WHAT YOU HAVE TO DO: Word for word, print all of the entries below.

Dataset items:
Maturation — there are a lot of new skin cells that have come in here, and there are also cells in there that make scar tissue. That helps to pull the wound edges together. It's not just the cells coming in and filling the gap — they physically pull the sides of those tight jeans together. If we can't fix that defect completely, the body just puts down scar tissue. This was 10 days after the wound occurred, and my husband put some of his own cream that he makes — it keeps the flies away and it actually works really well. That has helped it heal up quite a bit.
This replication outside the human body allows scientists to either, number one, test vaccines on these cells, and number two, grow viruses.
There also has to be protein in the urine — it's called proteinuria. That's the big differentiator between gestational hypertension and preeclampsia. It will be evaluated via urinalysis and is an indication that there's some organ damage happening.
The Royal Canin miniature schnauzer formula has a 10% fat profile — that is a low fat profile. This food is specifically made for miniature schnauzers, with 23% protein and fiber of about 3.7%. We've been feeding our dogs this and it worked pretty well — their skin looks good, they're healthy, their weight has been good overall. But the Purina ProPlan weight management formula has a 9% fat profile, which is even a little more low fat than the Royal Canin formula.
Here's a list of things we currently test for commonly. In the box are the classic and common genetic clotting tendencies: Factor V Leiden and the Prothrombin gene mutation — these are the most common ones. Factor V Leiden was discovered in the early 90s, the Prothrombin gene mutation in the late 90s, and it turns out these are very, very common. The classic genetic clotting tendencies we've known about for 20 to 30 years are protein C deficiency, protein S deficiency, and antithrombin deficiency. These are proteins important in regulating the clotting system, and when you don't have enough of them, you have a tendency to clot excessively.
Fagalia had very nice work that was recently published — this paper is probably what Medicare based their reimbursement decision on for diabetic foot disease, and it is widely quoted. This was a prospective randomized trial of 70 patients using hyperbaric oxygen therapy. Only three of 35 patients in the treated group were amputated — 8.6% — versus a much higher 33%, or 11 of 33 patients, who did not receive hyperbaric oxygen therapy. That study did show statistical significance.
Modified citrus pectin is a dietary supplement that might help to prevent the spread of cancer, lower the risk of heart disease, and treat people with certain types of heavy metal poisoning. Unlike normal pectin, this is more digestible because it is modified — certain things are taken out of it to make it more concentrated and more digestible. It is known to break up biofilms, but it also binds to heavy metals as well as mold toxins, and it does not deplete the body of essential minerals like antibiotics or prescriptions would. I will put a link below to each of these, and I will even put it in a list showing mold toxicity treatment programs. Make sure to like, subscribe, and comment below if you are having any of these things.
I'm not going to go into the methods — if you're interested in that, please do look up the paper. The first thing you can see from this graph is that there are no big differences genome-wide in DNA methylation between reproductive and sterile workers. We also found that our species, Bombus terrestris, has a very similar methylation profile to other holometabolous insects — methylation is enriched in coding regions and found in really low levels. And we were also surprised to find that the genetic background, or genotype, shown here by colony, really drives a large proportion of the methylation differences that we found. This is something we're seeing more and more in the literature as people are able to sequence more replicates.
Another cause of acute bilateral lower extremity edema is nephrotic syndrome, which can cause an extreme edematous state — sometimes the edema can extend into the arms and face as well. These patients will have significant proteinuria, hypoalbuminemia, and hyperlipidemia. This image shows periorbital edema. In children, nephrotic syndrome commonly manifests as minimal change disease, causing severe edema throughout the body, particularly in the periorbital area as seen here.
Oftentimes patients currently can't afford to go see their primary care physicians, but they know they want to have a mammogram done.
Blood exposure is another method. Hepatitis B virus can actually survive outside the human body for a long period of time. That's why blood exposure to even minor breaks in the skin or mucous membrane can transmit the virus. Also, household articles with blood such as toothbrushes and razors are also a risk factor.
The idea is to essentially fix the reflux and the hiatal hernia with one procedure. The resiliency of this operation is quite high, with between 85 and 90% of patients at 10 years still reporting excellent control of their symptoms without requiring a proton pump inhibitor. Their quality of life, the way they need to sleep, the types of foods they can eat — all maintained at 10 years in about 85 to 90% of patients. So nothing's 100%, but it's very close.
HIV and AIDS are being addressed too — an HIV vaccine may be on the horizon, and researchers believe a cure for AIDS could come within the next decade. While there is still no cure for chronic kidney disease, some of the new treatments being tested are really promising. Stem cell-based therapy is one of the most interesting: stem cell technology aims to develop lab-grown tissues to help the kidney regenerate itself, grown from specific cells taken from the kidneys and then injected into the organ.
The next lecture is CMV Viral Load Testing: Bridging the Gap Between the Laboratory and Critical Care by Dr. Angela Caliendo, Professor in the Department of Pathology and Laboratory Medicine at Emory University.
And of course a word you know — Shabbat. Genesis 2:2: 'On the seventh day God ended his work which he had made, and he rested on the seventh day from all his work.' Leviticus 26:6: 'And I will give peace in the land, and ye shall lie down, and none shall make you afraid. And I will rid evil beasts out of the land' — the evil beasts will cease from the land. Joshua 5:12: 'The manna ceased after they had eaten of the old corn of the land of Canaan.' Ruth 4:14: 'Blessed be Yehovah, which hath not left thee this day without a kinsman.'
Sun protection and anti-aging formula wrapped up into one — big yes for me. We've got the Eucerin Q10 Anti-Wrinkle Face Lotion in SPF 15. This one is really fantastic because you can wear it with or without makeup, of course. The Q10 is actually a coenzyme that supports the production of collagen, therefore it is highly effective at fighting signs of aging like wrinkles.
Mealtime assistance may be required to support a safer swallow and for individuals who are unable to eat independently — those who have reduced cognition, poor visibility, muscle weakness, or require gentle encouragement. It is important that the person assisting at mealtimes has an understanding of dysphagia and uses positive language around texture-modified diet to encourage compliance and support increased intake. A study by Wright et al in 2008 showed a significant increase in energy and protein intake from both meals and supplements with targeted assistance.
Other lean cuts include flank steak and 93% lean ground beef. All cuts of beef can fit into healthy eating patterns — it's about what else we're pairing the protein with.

FINAL ANSWER:
Maturation — there are a lot of new skin cells that have come in here, and there are also cells in there that make scar tissue. That helps to pull the wound edges together. It's not just the cells coming in and filling the gap — they physically pull the sides of those tight jeans together. If we can't fix that defect completely, the body just puts down scar tissue. This was 10 days after the wound occurred, and my husband put some of his own cream that he makes — it keeps the flies away and it actually works really well. That has helped it heal up quite a bit.
This replication outside the human body allows scientists to either, number one, test vaccines on these cells, and number two, grow viruses.
There also has to be protein in the urine — it's called proteinuria. That's the big differentiator between gestational hypertension and preeclampsia. It will be evaluated via urinalysis and is an indication that there's some organ damage happening.
The Royal Canin miniature schnauzer formula has a 10% fat profile — that is a low fat profile. This food is specifically made for miniature schnauzers, with 23% protein and fiber of about 3.7%. We've been feeding our dogs this and it worked pretty well — their skin looks good, they're healthy, their weight has been good overall. But the Purina ProPlan weight management formula has a 9% fat profile, which is even a little more low fat than the Royal Canin formula.
Here's a list of things we currently test for commonly. In the box are the classic and common genetic clotting tendencies: Factor V Leiden and the Prothrombin gene mutation — these are the most common ones. Factor V Leiden was discovered in the early 90s, the Prothrombin gene mutation in the late 90s, and it turns out these are very, very common. The classic genetic clotting tendencies we've known about for 20 to 30 years are protein C deficiency, protein S deficiency, and antithrombin deficiency. These are proteins important in regulating the clotting system, and when you don't have enough of them, you have a tendency to clot excessively.
Fagalia had very nice work that was recently published — this paper is probably what Medicare based their reimbursement decision on for diabetic foot disease, and it is widely quoted. This was a prospective randomized trial of 70 patients using hyperbaric oxygen therapy. Only three of 35 patients in the treated group were amputated — 8.6% — versus a much higher 33%, or 11 of 33 patients, who did not receive hyperbaric oxygen therapy. That study did show statistical significance.
Modified citrus pectin is a dietary supplement that might help to prevent the spread of cancer, lower the risk of heart disease, and treat people with certain types of heavy metal poisoning. Unlike normal pectin, this is more digestible because it is modified — certain things are taken out of it to make it more concentrated and more digestible. It is known to break up biofilms, but it also binds to heavy metals as well as mold toxins, and it does not deplete the body of essential minerals like antibiotics or prescriptions would. I will put a link below to each of these, and I will even put it in a list showing mold toxicity treatment programs. Make sure to like, subscribe, and comment below if you are having any of these things.
I'm not going to go into the methods — if you're interested in that, please do look up the paper. The first thing you can see from this graph is that there are no big differences genome-wide in DNA methylation between reproductive and sterile workers. We also found that our species, Bombus terrestris, has a very similar methylation profile to other holometabolous insects — methylation is enriched in coding regions and found in really low levels. And we were also surprised to find that the genetic background, or genotype, shown here by colony, really drives a large proportion of the methylation differences that we found. This is something we're seeing more and more in the literature as people are able to sequence more replicates.
Another cause of acute bilateral lower extremity edema is nephrotic syndrome, which can cause an extreme edematous state — sometimes the edema can extend into the arms and face as well. These patients will have significant proteinuria, hypoalbuminemia, and hyperlipidemia. This image shows periorbital edema. In children, nephrotic syndrome commonly manifests as minimal change disease, causing severe edema throughout the body, particularly in the periorbital area as seen here.
Oftentimes patients currently can't afford to go see their primary care physicians, but they know they want to have a mammogram done.
Blood exposure is another method. Hepatitis B virus can actually survive outside the human body for a long period of time. That's why blood exposure to even minor breaks in the skin or mucous membrane can transmit the virus. Also, household articles with blood such as toothbrushes and razors are also a risk factor.
The idea is to essentially fix the reflux and the hiatal hernia with one procedure. The resiliency of this operation is quite high, with between 85 and 90% of patients at 10 years still reporting excellent control of their symptoms without requiring a proton pump inhibitor. Their quality of life, the way they need to sleep, the types of foods they can eat — all maintained at 10 years in about 85 to 90% of patients. So nothing's 100%, but it's very close.
HIV and AIDS are being addressed too — an HIV vaccine may be on the horizon, and researchers believe a cure for AIDS could come within the next decade. While there is still no cure for chronic kidney disease, some of the new treatments being tested are really promising. Stem cell-based therapy is one of the most interesting: stem cell technology aims to develop lab-grown tissues to help the kidney regenerate itself, grown from specific cells taken from the kidneys and then injected into the organ.
The next lecture is CMV Viral Load Testing: Bridging the Gap Between the Laboratory and Critical Care by Dr. Angela Caliendo, Professor in the Department of Pathology and Laboratory Medicine at Emory University.
And of course a word you know — Shabbat. Genesis 2:2: 'On the seventh day God ended his work which he had made, and he rested on the seventh day from all his work.' Leviticus 26:6: 'And I will give peace in the land, and ye shall lie down, and none shall make you afraid. And I will rid evil beasts out of the land' — the evil beasts will cease from the land. Joshua 5:12: 'The manna ceased after they had eaten of the old corn of the land of Canaan.' Ruth 4:14: 'Blessed be Yehovah, which hath not left thee this day without a kinsman.'
Sun protection and anti-aging formula wrapped up into one — big yes for me. We've got the Eucerin Q10 Anti-Wrinkle Face Lotion in SPF 15. This one is really fantastic because you can wear it with or without makeup, of course. The Q10 is actually a coenzyme that supports the production of collagen, therefore it is highly effective at fighting signs of aging like wrinkles.
Mealtime assistance may be required to support a safer swallow and for individuals who are unable to eat independently — those who have reduced cognition, poor visibility, muscle weakness, or require gentle encouragement. It is important that the person assisting at mealtimes has an understanding of dysphagia and uses positive language around texture-modified diet to encourage compliance and support increased intake. A study by Wright et al in 2008 showed a significant increase in energy and protein intake from both meals and supplements with targeted assistance.
Other lean cuts include flank steak and 93% lean ground beef. All cuts of beef can fit into healthy eating patterns — it's about what else we're pairing the protein with.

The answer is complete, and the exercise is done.